Third was the fact that “it will just be cheaper for us”. The QC explained that Good Law Practice would not need to market itself, would not carry “enormous work in progress”, would not have partners needing draws and would not need to pay “market rate salaries”.
Finally, “we want to develop deep pools of expertise on subjects that are of interest to us but there’s no money in them” – meaning there was no such expertise at the moment.
Having the law firm would also mean GLP could offer a solution to those it could not help directly, because their case did not fit with its areas of focus or because it would not have standing before a court.
“It shouldn’t be left to members of the public dipping their hands into their pockets to ensure access to justice,” Mr Maugham said. “It is the poor, dispossessed and the discriminated against who have a real access to justice problem – we can’t solve all of it, but we can a bit.”
GLP will continue to work with external law firms in areas where it will not be operating – such as healthcare, inquests and education – but it will take some ‘pure’ public law cases in-house.
Good Law Practice will start with four qualified lawyers, plus paralegals and support staff, but expects to double in size by the end of the year.
The firm has launched a recruitment exercise, with a focus on lawyers and paralegals working in housing, civil rights and protest law. Its stated aims include training “those who believe the law exists to serve society rather than the wealthy”.
Though GLP operates on the basis that no member of staff is paid more than a backbench MP (£84,144), Mr Maugham would not make the same commitment for the law firm. But he made clear that nobody would be joining it for a pay rise.
Mr Maugham said he hoped that funders that wanted to support legal remedies for particularly disadvantaged communities would consider funding a solicitor at firm.
As well as litigation, the law firm will build specialist advisory capacity “to help communities build the ownership models – housing, businesses, land – that work for them”.
Mr Maugham said the cost of legal advice – and a shortage of market expertise – “should no longer be a barrier to creating models that sit outside capitalism”.

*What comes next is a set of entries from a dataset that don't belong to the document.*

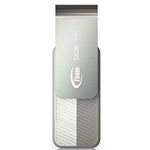 USB 32GB TEAM GROUP C143 USB 3.0 WHITE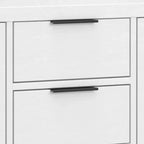 54 Fabian Credenza Buffet - WyndenHall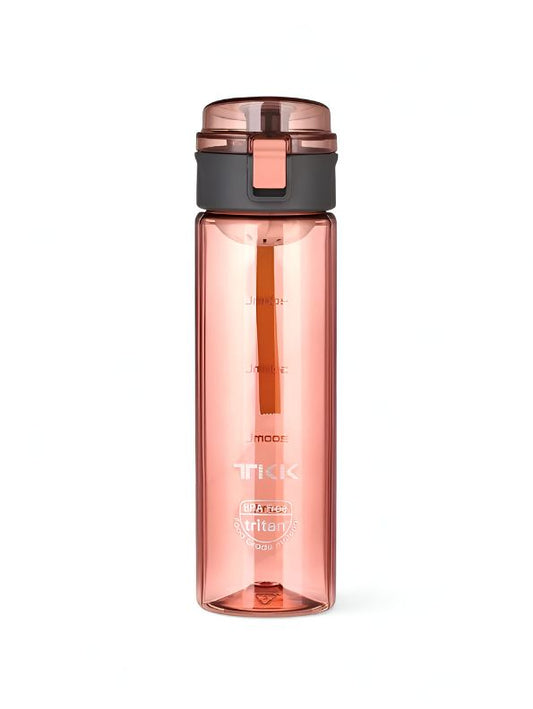 Oraange - CoolSip - 500ml Stylish Water Bottle for Kids | Trendy, Leak-Proof For Kids NOV3298.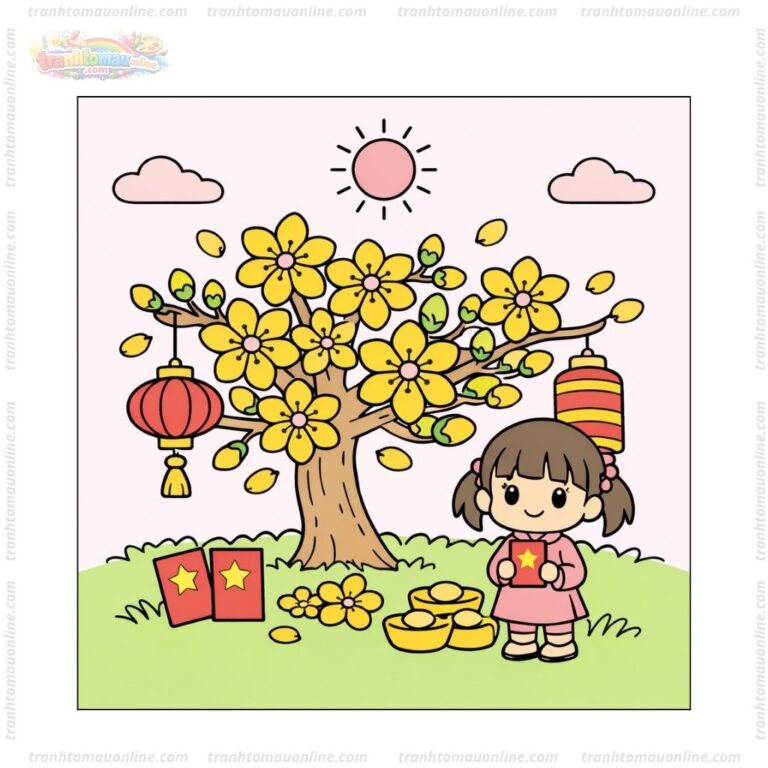 Ảnh mẫu tham khảo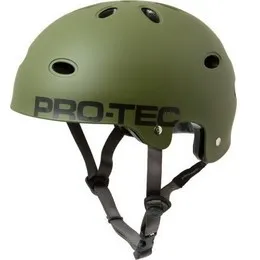 b2-sxp-helmet-15600.jpg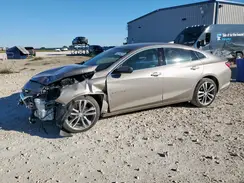 1G1ZE5ST6RF170640 2024 CHEVROLET MALIBU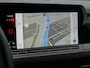Volkswagen Golf 1.4 eHybrid Style | CAMERA | CARPLAY | CRUISE CONTROL |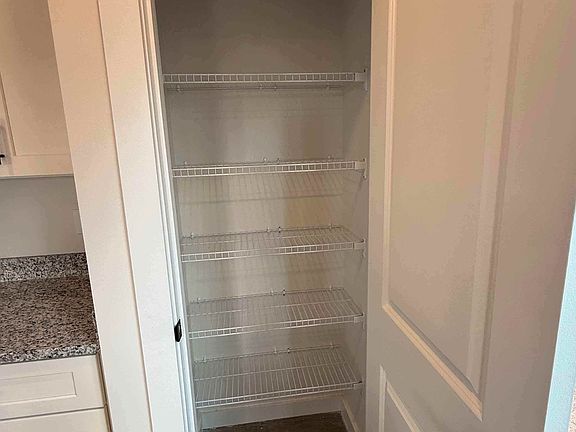3rd image of 415 F Ave SE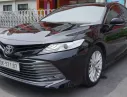 Hãng khác Khác 2021 - Chào bán CAMRY 2.5Q – 2021 nhập khẩu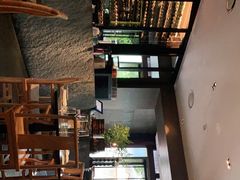 -莲西餐(曲江店)
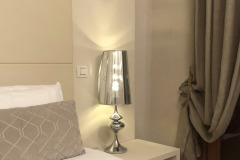 imgi_31_Home-studio-1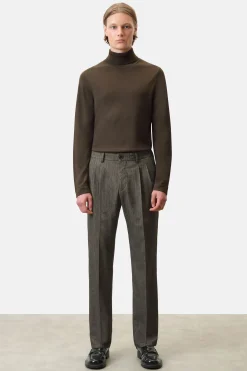 JOEY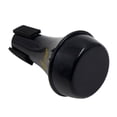 thumbnail image 2 of 1Pc Professional ABS Practice Mute Trumpet Mute Practice Silencer Trumpet Supply, 2 of 8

Describing Good Law Practice as “a law firm for the public good”, he continued: “We want to foster legal structures that help people respond to the world around them.
“The engagement that follows is, we believe, how we make a better world and fulfil the desire we all share to leave a better world than we found. Delivering on this is my mission.
“The practice will help us become even more responsive to the needs of the communities that we serve, in a world, and a political system that is growing ever more dynamic. And to train lawyers that share our mission.”
Mr Potter added: “This is an exciting opportunity to build a law firm that can support and facilitate the exceptional work being done by Good Law Project to scrutinise public decision-making through the law, and to empower under-represented groups to participate in a legal system that can often feel impenetrable to the uninitiated.
“We want Good Law Practice to be a training ground for the public law and social welfare lawyers of the future. Such expertise is invaluable as trust in our political system is eroded, wealth is distributed increasingly unequally and legal aid is constantly narrowed.”